While high-income earners represent less than 6 percent of New Jersey taxpayers, they account for nearly 57 percent of all federal personal income taxes paid from the state, compared to less than 50 percent nationally, according to a study by the nonpartisan Tax Foundation.
That means if President Barack Obama allows the George Bush-era tax cuts to expire for those earning more than $200,000 a year, high earners in the state will see their tax burden increase disproportionately compared to the rest of the country, taking more consumer buying power out of the state and hurting New Jersey's economy, a tax expert said.

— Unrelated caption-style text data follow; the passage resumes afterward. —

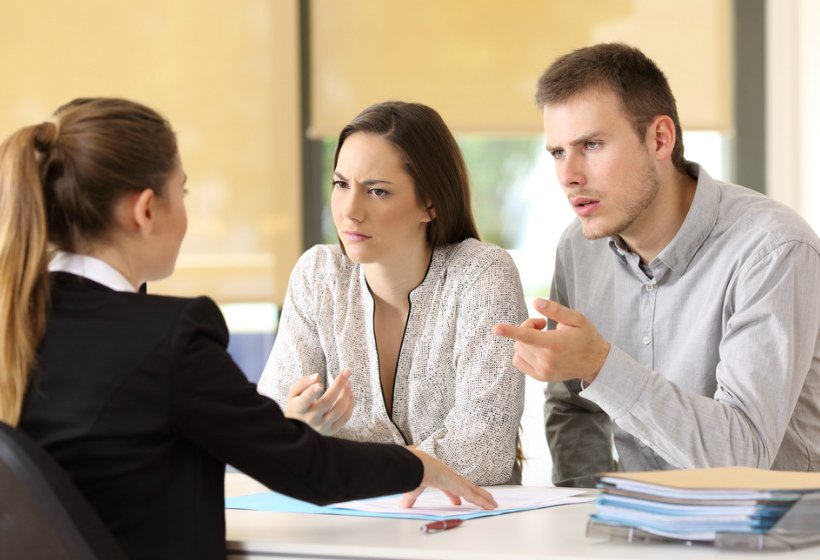 Как правильно написать претензию и провести экспертизу товара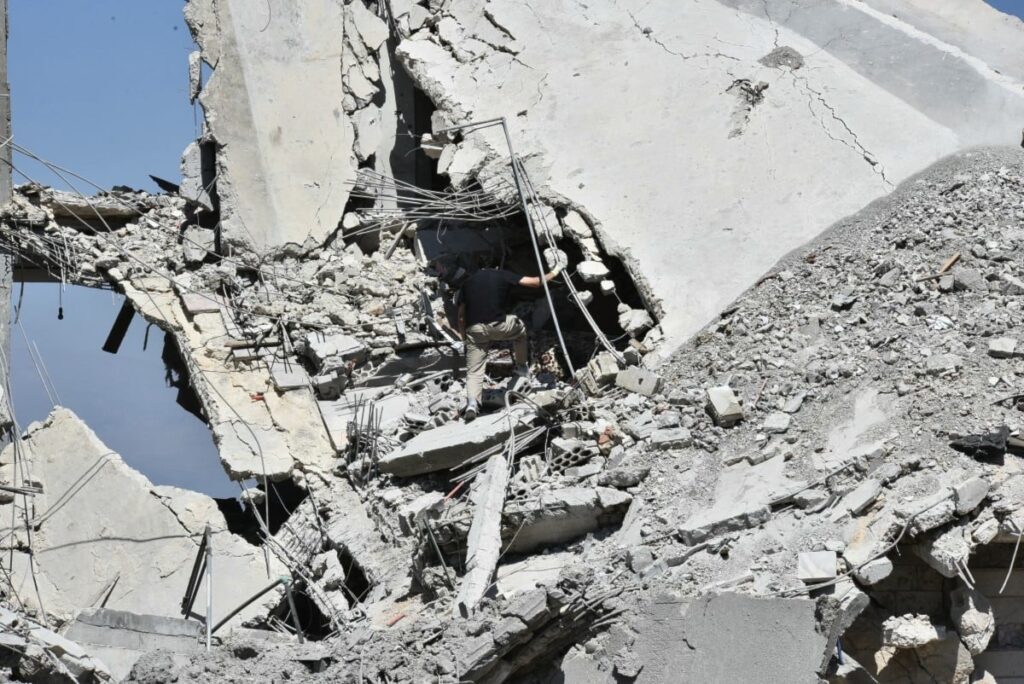 لبنان: 3 شهداء في عدوان إسرائيلي على سيارة في ميفدون.. والاحتلال يحرق منازل في عين عرب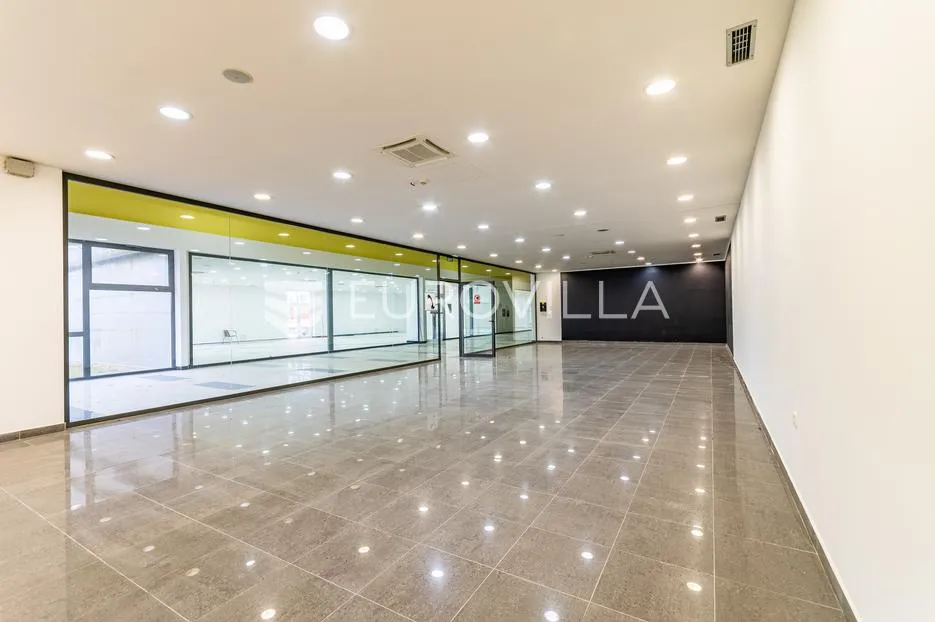 prelog, poslovni kompleks površine 3725 m² - slika 3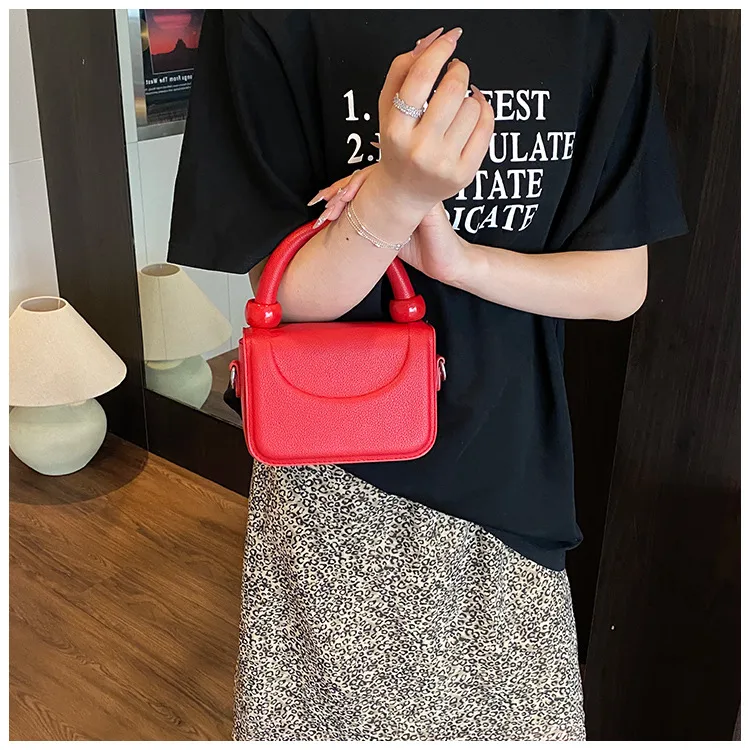 Mini Small Bag  New Fashion Versatile Crossbody Bag Summer Commuting Portable Small Square Bag display picture 11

"We have more people in the top tax brackets than any other state, except Washington, D.C., so if the Bush tax cuts expire, it suggests New Jersey is going to be one of the hardest-hit states," said James W. Hughes, dean of Rutgers University's Bloustein School of Planning and Public Policy. "If you have to send $1,000 more to Washington each year, unless you're super, super rich, you're going to say, 'I can't eat out this week,' and 'I can't spend money on clothes.' And with consumer spending making up close to 70 percent of the economy, that impact will ripple throughout the economy, not just in retail, but in various services."
Congressional Republicans have proposed extending all of the income and estate tax cuts enacted in 2001 and 2003, but not the expansions for lower-income families that were included in the 2009 federal stimulus. Obama plans to extend the 2009 expansions, as well as the Bush-era cuts, but only for the first $250,000 of a family's annual earnings, or the first $200,000 of an individual's earnings. All tax cut provisions are set to expire at the end of the year, unless Congress acts.
According to the report, while millionaires account for 0.32 percent of New Jersey's taxpayers, compared to 0.19 percent nationally, they pay 22 percent of federal income taxes.
"If the Bush tax cuts expire, the climate is only going to worsen," Hughes said. "We may not have much sympathy for affluent people paying more taxes, but with high-income earners accounting for a growing percentage of taxes paid, if the cuts expire, it's going to continue impacting the local economy."